Para os demais réus foram impostas medidas cautelares diversas da prisão como comparecimento em cartório ou perante o juízo de sua residência a cada dois meses e proibição de manter contato – seja de forma presencial, remota, telemática,
por redes sociais, diretamente ou por interposta pessoa – com quaisquer das testemunhas arroladas no processo, com os demais corréus e com os familiares destes.

Os réus são: Leonardo Pereira Jardim Rocha; Guilherme Pinheiro Arantes; Letícia Bahiense Madeira Pinheiro; Matheus Murilo dos Santos; Carlos Adriano Detrine Pereira; Renato Detrine Pereira; Manoel Araguyra Oliveira dos Santos; João Pedro Corrêa Gomes Lima; Jobson da Silva Santos; Jaci Rosa; Luiz Roberto Ferreira Vicente; Victor Bauer de Andrade; Grasiele Soares de Sá; Geovane Marçal Airoza da Silva; Charles da Silva Teodoro; Jhonatan Luiz Leite Martins; Jhonatan Renan Vieira Campelo Duarte; Tifâny Karla do Nascimento; Thaynara Pereira Pinto; Ailton Adolfo de Jesus; Mayra do Carmo Carioca Silva; Savio Rodrigues de Almeida; Wanderson Tecla da Silva e Yasmin Oliveira de Carvalho.

A decisão judicial partiu de denúncia apresentada pelo MPRJ. O Grupo de Atuação Especializada de Combate ao Crime Organizado do Ministério Público do Estado do Rio de Janeiro (GAECO/MPRJ) denunciou 26 pessoas por integrarem uma organização criminosa que movimentou mais de R$ 3 milhões provenientes de sequestros-relâmpagos praticados pelo Terceiro Comando Puro.

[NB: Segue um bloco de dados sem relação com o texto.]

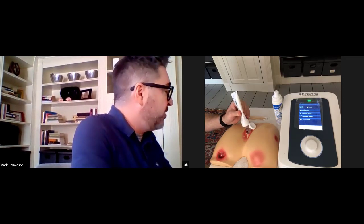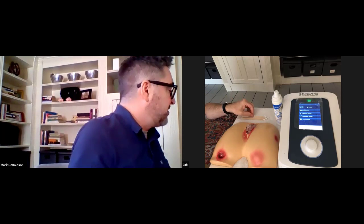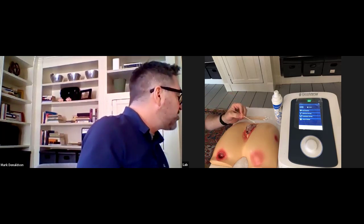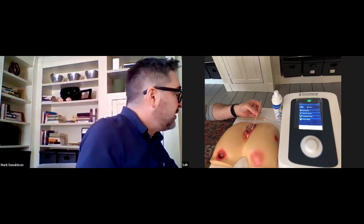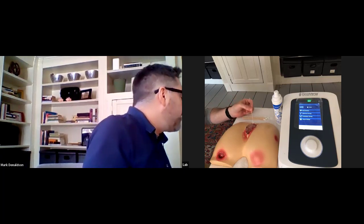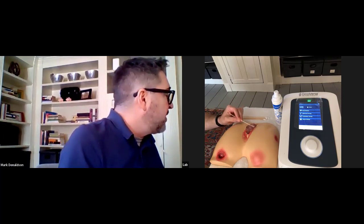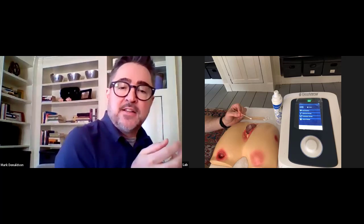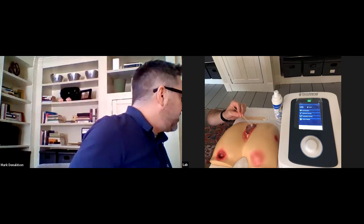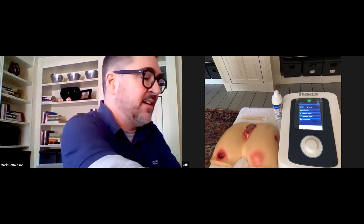When I say fill the wound, I mean fill the wound. I tend to overfill it a little bit primarily because we want to make sure we're capturing all the little pocket areas where we want the gel to go. Remember, ultrasound is not going to travel through air, so if we have any air pockets within here, we want to make sure they're completely full. Also, if the patient changes position, that can create a little shifting of the gel, so I tend to overfill it slightly.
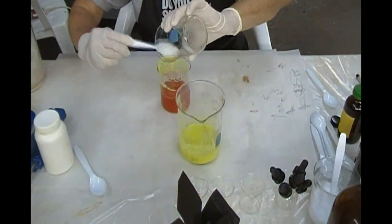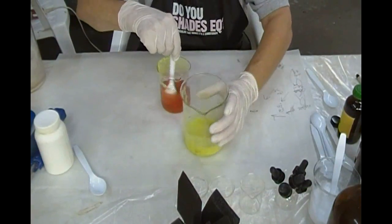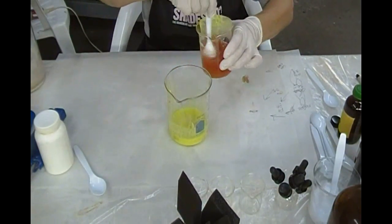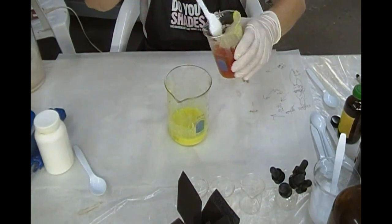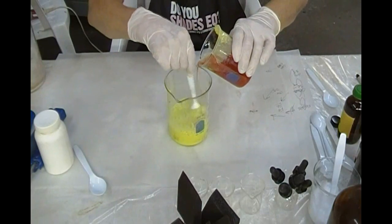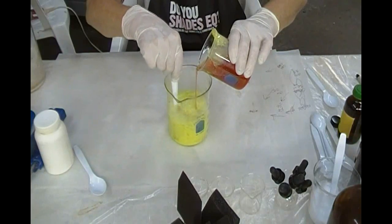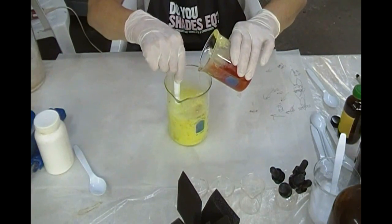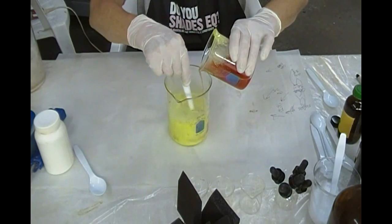Now you can add the alkali. This is sort of like baking soda and vinegar. Slowly, with stirring, pour it in. Oxalic acid is poisonous — any of the oxalates. You can see the vinegar reaction going on. If you dump that in all at once, we would have an overflow on the table.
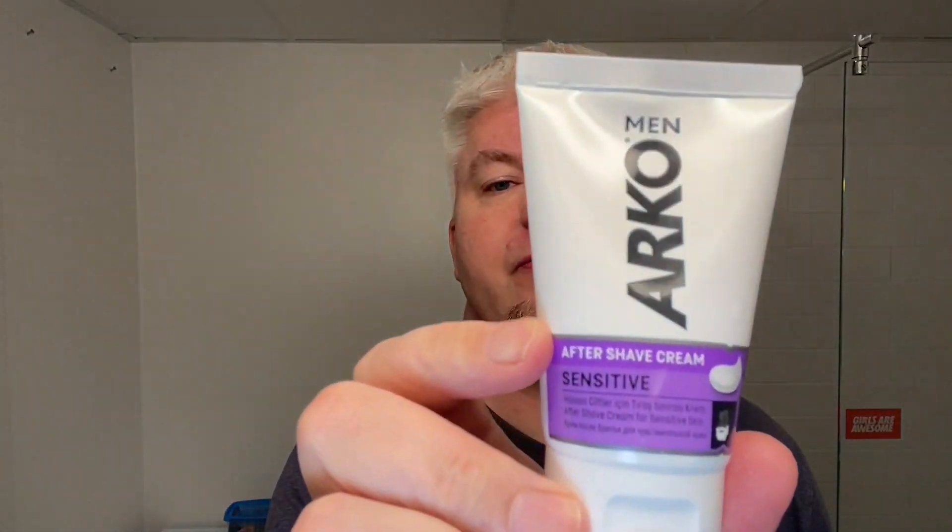The aftershave balm for today is the Arko — also from Turkey — the more sensitive formula. It has a sweet, citrusy cologne scent that a lot of colognes have. It's actually in the realm of the lemon aftershave and the Lime Zest soap, so everything is lemon, lime, citrus — a citrusy theme throughout, and that's wonderful.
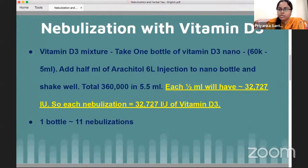One full bottle of the nano mixture will provide up to approximately 11 nebulizations. What this technique does is increase the concentration of vitamin D3 directly in the lungs. Previously, with oral capsules, the amount of vitamin D3 reaching the lungs was relatively low, requiring higher doses. With nebulization, vitamin D3 goes directly into the lungs, so oral capsule doses can be reduced. The concentrated vitamin D3 in the lungs directly addresses lung inflammation, as well as other inflammatory markers like D-dimer and CRP.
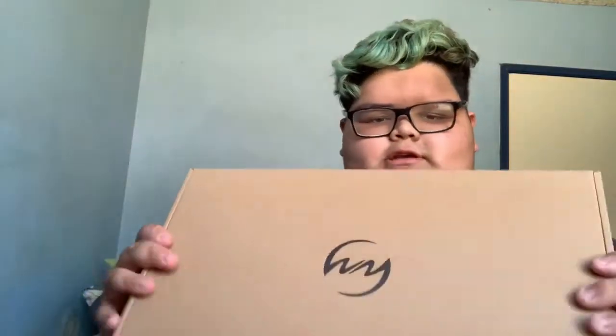We got a box within a box — this is more heavy. This is the box it came in. Nothing else in here — this is the main attraction right here. It says Zingyou, so that's cool. It is a microphone from Zingyou.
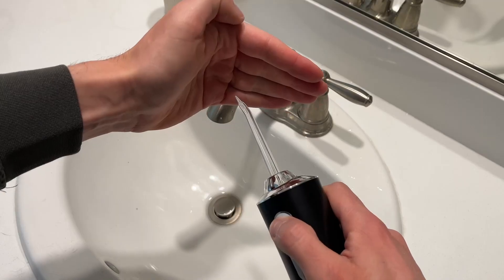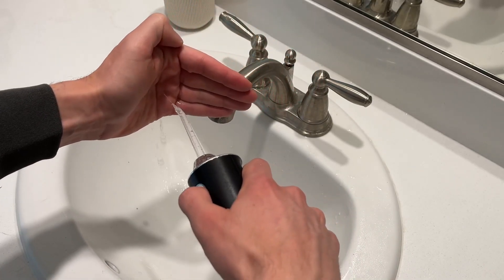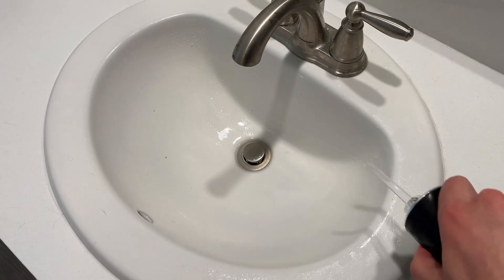There is a max fill line. Testing the stream on my hand to show its power — there is a soft setting, so if you have sensitive teeth it's best to use that first. You can see how quickly it sprays out.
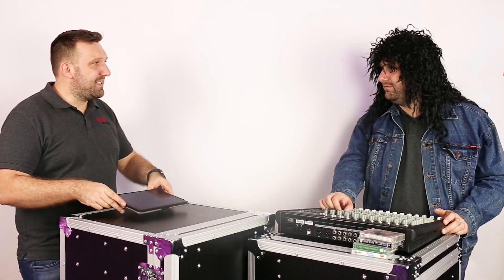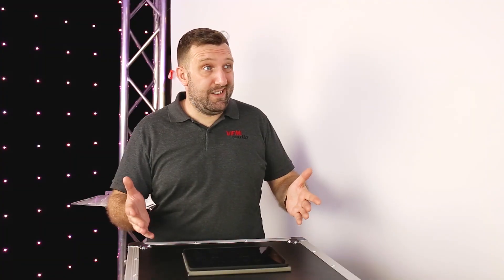Hey, whatcha doing Digital? Just mixing this band on my Midas MR18. What do you got there, Analog? I'm just EQing this vocal mic on my analog mixer. It's got a high EQ, a mid EQ, and a low EQ. Simple as that, but can it do this?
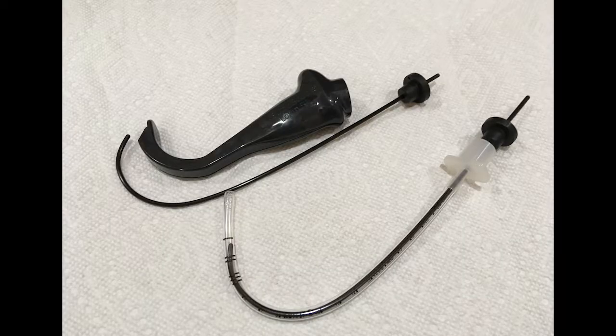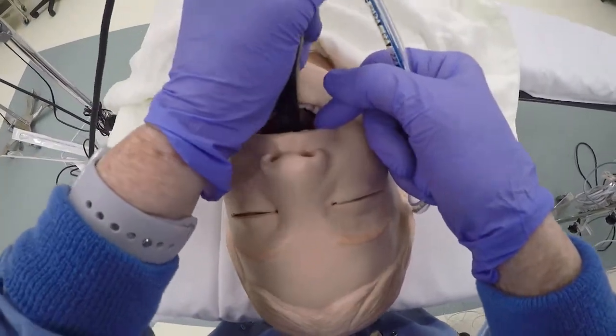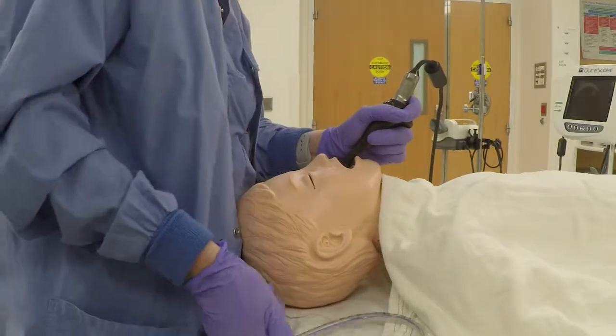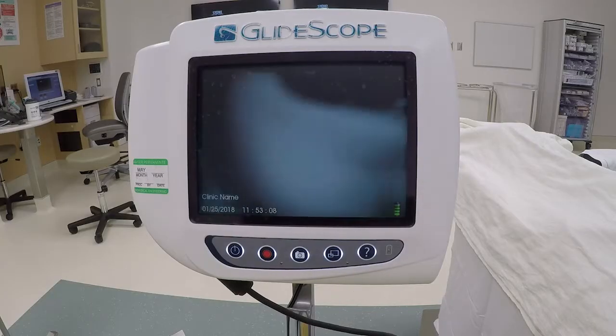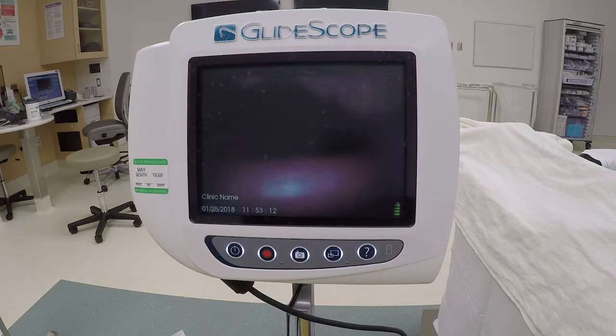The technique is the same as for an adult. To prepare the tube, insert a semi-rigid stylet into your endotracheal tube and match the shape to the shape of your blade. Insert the blade midline, looking at the patient. Don't sweep the tongue. Don't insert the blade too deep. Once the tip of the blade turns the corner, look at the monitor to optimize position.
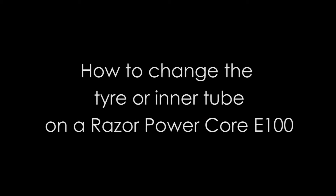In this video you'll be shown how to change a tyre or inner tube for a Powercore E100.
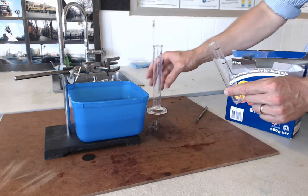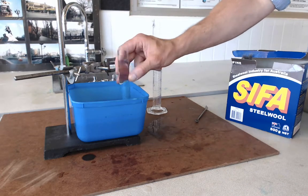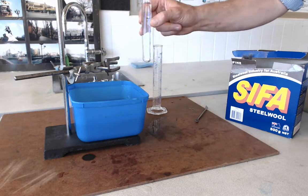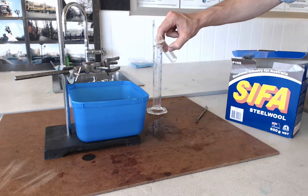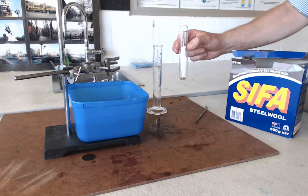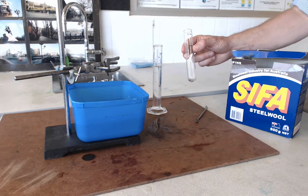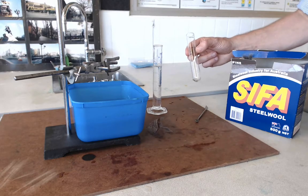I'm going to empty that measuring cylinder out and fill up my tube again, but this time to the other mark. Remember, it doesn't matter what order you do these in — I started with the lower mark so I'm doing the higher mark now. This is going to tell me how much air there was in the tube at the start of the experiment, so again I'm going to pour that water into my measuring cylinder. I'll read off the measuring cylinder what volume of air was there at the start, and I'll know how much air was in there and how much oxygen got used up. I can then fill these values in on my table.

A pedido do GAECO/MPRJ, o Juízo da 3ª Vara Especializada em Organização Criminosa da Capital deferiu dois mandados de prisão preventiva, 36 mandados de busca e apreensão e o bloqueio judicial de R$ 5.071.901,91 nas contas dos denunciados.

A denúncia do GAECO/MPRJ teve como base uma investigação iniciada pelo Grupo em 2022, que culminou, em junho de 2023, com a prisão de 54 pessoas pelos crimes de roubo majorado, sequestro-relâmpago e extorsão mediante sequestro, na modalidade PIX. Na ocasião, ficou comprovado que os denunciados atraíam suas vítimas por meio de falsos anúncios de venda de carros publicados em uma rede social.

Na nova denúncia, o GAECO/MPRJ apontou Iris Maurício da Silva Almeida como líder do núcleo financeiro da organização criminosa e Vilmara de Morais como integrante do grupo responsável por ceder contas bancárias para ocultar os recursos provenientes dos crimes.